Oltre che i numeri, non ne vediamo le condizioni politiche. Anche allo stesso Pd conviene che il governo di centrodestra parta e, semmai, constatarne il fallimento dopo almeno un anno, così da potersi presentare come “salvatore della patria”. Non crediamo che dalle parti del Nazareno muoiano dalla voglia di riprendersi subito il cerino in mano (e che cerino!).

Dunque, il risultato delle sciagurate uscite di Berlusconi di questi giorni, e dei leaks audio di queste ore, è aver praticamente azzerato la sua leva contrattuale sulla composizione del nascituro governo. A vantaggio di qualcun altro in Forza Italia? Lo capiremo.

Passaggio di leadership

Sebbene il parto di questo governo cominci ad essere un po’ troppo travagliato e lo spettacolo non sia proprio edificante per il centrodestra, per usare un eufemismo, forse non tutto il male viene per nuocere.
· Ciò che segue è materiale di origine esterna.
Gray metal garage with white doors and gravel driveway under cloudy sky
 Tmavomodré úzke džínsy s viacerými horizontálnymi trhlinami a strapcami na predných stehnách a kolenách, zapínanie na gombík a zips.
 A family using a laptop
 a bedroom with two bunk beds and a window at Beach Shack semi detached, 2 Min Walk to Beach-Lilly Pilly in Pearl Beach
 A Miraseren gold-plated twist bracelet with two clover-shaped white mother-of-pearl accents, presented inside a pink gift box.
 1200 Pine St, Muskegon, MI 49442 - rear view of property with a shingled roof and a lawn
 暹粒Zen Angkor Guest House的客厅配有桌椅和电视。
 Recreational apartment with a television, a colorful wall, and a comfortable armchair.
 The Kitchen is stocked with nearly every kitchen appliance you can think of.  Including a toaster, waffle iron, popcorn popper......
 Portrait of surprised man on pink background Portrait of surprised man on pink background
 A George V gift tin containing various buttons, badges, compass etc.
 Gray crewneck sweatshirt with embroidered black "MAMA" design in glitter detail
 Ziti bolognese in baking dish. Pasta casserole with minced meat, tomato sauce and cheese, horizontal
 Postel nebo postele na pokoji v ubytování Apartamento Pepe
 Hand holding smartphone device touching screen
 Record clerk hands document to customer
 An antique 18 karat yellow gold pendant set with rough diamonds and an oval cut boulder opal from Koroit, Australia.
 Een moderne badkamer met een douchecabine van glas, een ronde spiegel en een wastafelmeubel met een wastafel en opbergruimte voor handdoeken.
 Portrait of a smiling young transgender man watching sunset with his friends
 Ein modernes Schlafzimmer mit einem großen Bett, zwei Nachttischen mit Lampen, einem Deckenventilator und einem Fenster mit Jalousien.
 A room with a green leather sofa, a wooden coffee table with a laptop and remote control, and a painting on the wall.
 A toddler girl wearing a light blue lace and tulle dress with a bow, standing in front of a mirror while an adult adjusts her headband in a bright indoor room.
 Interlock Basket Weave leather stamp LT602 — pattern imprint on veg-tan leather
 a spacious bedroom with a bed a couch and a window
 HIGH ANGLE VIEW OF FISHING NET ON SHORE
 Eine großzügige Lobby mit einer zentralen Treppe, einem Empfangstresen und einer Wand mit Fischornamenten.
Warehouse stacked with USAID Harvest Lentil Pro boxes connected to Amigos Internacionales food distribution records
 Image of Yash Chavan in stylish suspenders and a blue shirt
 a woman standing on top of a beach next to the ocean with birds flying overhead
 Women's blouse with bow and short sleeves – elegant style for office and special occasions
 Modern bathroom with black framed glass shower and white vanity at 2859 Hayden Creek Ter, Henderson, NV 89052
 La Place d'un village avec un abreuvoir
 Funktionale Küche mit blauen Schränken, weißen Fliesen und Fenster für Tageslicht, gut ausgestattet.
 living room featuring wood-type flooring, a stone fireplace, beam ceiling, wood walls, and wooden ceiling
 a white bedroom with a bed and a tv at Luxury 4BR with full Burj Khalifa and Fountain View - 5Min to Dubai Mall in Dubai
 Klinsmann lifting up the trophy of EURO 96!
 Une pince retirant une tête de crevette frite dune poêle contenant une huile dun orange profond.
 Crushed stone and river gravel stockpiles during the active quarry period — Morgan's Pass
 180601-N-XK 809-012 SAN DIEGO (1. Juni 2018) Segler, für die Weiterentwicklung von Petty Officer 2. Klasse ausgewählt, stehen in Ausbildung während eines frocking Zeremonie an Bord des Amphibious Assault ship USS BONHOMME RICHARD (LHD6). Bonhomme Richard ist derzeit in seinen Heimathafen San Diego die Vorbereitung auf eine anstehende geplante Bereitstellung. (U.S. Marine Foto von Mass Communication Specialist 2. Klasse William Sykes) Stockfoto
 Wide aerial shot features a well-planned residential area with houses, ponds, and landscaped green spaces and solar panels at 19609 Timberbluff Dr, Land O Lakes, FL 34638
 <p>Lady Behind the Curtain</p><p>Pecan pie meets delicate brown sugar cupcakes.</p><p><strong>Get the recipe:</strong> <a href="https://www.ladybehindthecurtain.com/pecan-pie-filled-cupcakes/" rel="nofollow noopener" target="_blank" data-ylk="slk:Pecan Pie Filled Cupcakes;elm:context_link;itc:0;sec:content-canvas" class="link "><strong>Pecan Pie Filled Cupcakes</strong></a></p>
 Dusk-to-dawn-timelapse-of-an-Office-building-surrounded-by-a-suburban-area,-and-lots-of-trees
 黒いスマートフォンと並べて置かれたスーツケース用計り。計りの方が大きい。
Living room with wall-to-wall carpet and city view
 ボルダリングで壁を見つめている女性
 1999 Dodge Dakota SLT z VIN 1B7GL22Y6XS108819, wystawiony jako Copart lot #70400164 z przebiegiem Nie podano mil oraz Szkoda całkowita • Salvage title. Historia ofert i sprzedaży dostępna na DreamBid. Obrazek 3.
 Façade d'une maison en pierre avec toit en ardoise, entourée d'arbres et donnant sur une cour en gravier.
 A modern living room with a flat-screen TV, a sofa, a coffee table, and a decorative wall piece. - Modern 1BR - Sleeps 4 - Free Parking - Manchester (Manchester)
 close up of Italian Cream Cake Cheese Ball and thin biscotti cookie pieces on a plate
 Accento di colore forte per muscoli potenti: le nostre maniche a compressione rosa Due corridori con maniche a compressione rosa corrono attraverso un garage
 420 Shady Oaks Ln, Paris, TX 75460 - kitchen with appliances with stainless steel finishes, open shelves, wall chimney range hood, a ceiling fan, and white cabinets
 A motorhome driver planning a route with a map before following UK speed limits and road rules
Ciò a cui stiamo assistendo è un doloroso ma obbligato passaggio di leadership, nell’unico modo – conflittuale, lacerante – in cui può avvenire in un centrodestra dominato per quasi trent’anni da un’unica personalità carismatica. Stiamo assistendo in questi giorni, forse, all’epilogo del lunghissimo tramonto di Berlusconi e al consolidamento di una nuova leadership del centrodestra.

Il travaglio interno a Forza Italia va in una certa misura rispettato, comprendendo come sia difficile per chi a Berlusconi deve tutto dissociarsi dall’anziano leader e invitarlo ad accomodarsi in tribuna.

Filorussi in fuori gioco

Che l’affermazione della leadership di Giorgia Meloni sul Cavaliere avvenga proprio sul connotato dell’atlantismo può essere persino benefico.

Sappiamo bene infatti che tutti e tre i leader dei principali partiti di centrodestra, chi più chi meno, ciascuno con il suo stile, la sua storia e le sue motivazioni, hanno subìto il fascino di Vladimir Putin, portandosi dietro ampie porzioni del proprio elettorato.

Poteva essere comprensibile per i leader “sovranisti”, fino a qualche anno fa, la tentazione di “giocare” la figura del leader russo nella battaglia politica interna all’Occidente, di brandirla come arma contundente contro l’Unione europea.

E d’altra parte, molti premier e leader europeisti e di sinistra hanno commesso l’errore ben più grave di stringere ancora di più i rapporti con la Russia di Putin, accrescendo irresponsabilmente la nostra dipendenza energetica da Mosca.

Ma il 24 febbraio scorso è una data spartiacque, l’invasione russa dell’Ucraina è un game changer, rappresenta l’ultima chiamata della storia. I leader che non l’hanno compreso e si sono attardati, non hanno futuro. Giorgia Meloni lo ha compreso e ha risposto presente.

Che il primo premier di centrodestra dal 2011 sia chiaramente connotato in senso atlantista è una buona base di partenza per il riallineamento degli apparati di partito e dell’elettorato. L’esito di questo processo non è scontato ovviamente, ma non poteva che partire da una nuova leadership.

Con la nettissima nota di ieri sera, Meloni ha messo il putinismo fuori dalla porta, ha senza mezzi termini chiarito che non ha cittadinanza nel governo e nel centrodestra che ha intenzione di guidare. Ne risulta quindi azzerata l’agibilità politica dei filorussi nella maggioranza, che dovranno adeguare di conseguenza le loro parole d’ordine e i loro ambiti di interesse.